EX-4 3 kmisecdocket857.htm KINDER MORGAN, INC. EXHIBIT 4 DOCKET 857 Kinder Morgan, Inc. SEC Docket 857

Exhibit 4


SEC-REL, SEC-DOCKET 36 SEC-DOCKET 857-2, UTILICORP UNITED INC. , (Oct. 01, 1986)

UTILICORP UNITED INC.

36 SEC-DOCKET 857

Release No. 35-24204

October 1, 1986

File No. File No. 31-818

Order Granting Application for Exemptions for Electric Utility Company and Its Wholly-Owned Foreign Electric Utility Subsidiary and Special Purpose Subsidiary Pursuant to Section 3(b) of the Act

UtiliCorp United Inc. ("UtiliCorp"), Kansas City, Missouri, has filed an amendment to its application with this Commission pursuant to Section 3(b) of the Public Utility Holding Company Act of 1935 ("Act").

UtiliCorp is a Missouri corporation primarily engaged in the sale and distribution of gas and electricity to retail and wholesale customers. It was proposed that UtiliCorp would purchase 100% of the shares of West Kootenay Power and Light Company, Limited ("WKP"), Trail, British Columbia, Canada, a Canadian corporation engaged in the generation and transmission of electricity to Canadian wholesale and retail customers. Following the purchase, WKP will be a wholly owned subsidiary of UtiliCorp.

UtiliCorp has now established a wholly owned subsidiary under the laws of British Columbia, UtiliCorp British Columbia Ltd. ("UBC"). UBC has been formed for the purpose of purchasing all the outstanding equity securities of WKP.

UBC has been created solely to coordinate the payment of United States and Canadian taxes. WKP operates exclusively in Canada and derives substantially all its income from Canadian sales of electricity. WKP is not qualified to do business in any state of the United States, and it owns no securities of any other public utility or holding company in the United States or Canada.

WKP produces approximately 65% of its power requirements at a series of generating plants located on the Kootenay River between Nelson and Castlegar in British Columbia. WKP purchases approximately 32% of its requirements from Cominco Ltd. and approximately 3% from British Columbia Hydro and Power Authority.

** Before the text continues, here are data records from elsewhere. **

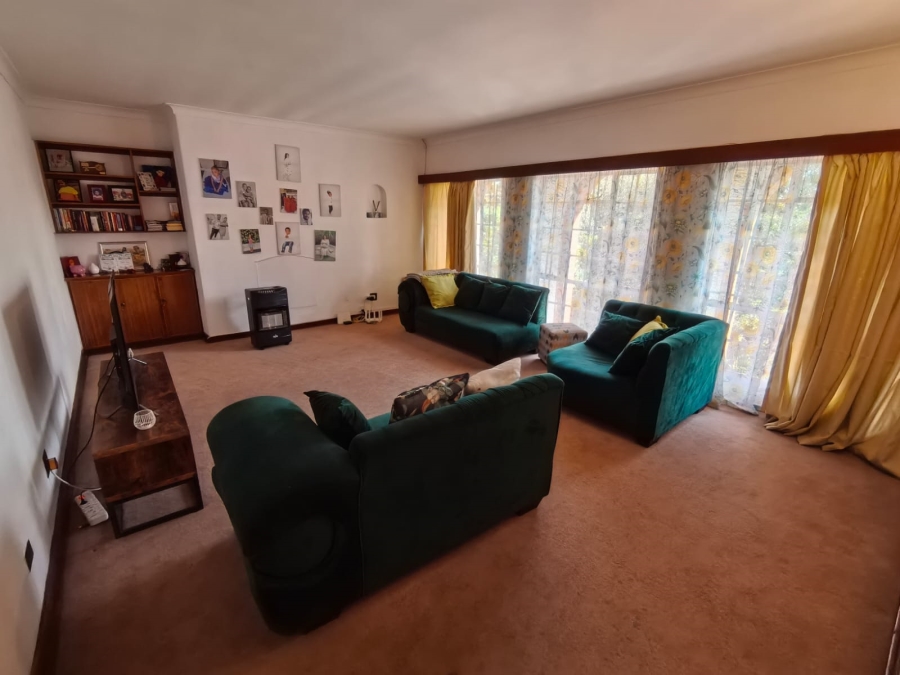 3 Bedroom Property for Sale in Klippoortje Gauteng
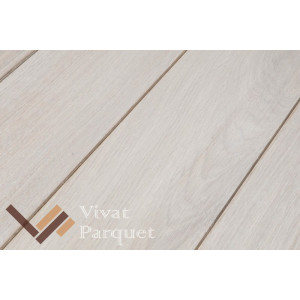 Массивная доска Vivat Parquet (Виват Паркет) MD507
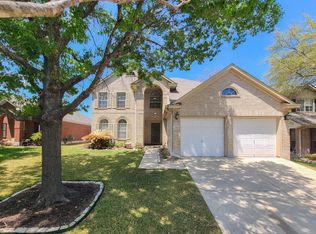 7423 Belmont Pl, San Antonio, TX 78240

It is stated that because the operations of WKP are exclusively Canadian, the sales and revenues of the company, as regulated by applicable law, have little or no effect upon electric generation and sales within the United States. Under Canadian law, a majority of the Board of Directors of WKP must be Canadian citizens. In addition, WKP is subject to dissolution by the Lieutenant Governor General of British Columbia upon the violation of nay order of that




authority. For these reasons, it is asserted that United Stated regulation of WKP as the subsidiary of a holding company is not necessary for the public interest or for the protection of investors.

In addition, UtiliCorp asserts that if WKP and UBC are granted an exemption pursuant to Section 3(b) of the Act, then UtiliCorp, as the owner of the two subsidiaries, is entitled to the exemption provided by Rule 10(1), promulgated under the Act.

Due notice of the filing of said application has been given in the manner prescribed in Rule 23 promulgated under the Act (HCAR No. 24183), and no hearing has been requested of or ordered by the Commission. Upon the basis of the facts in the record, it is hereby found that the applicable standards of the Act and rules thereunder are satisfied. WKP derives no material part of its income, directly or indirectly, from sources within the United States, and neither it nor any of its subsidiary companies is a public-utility company operating in the United States. UBC has been organized solely for tax purposes. It will derive no material part of its income, directly or indirectly, from sources within the United States, and neither it nor any of its subsidiary companies is a public-utility company operating in the United States. The Commission finds that it is not necessary in the public interest or for the protection of investors that any provision or provisions of the Act be applied to WKP or UBC.

IT IS ORDERED, pursuant to the applicable provisions of the Act and rules thereunder, that the application, as amended, be and hereby is granted, effective forthwith.

For the Commission, by the Division of Investment Management, pursuant to delegated authority.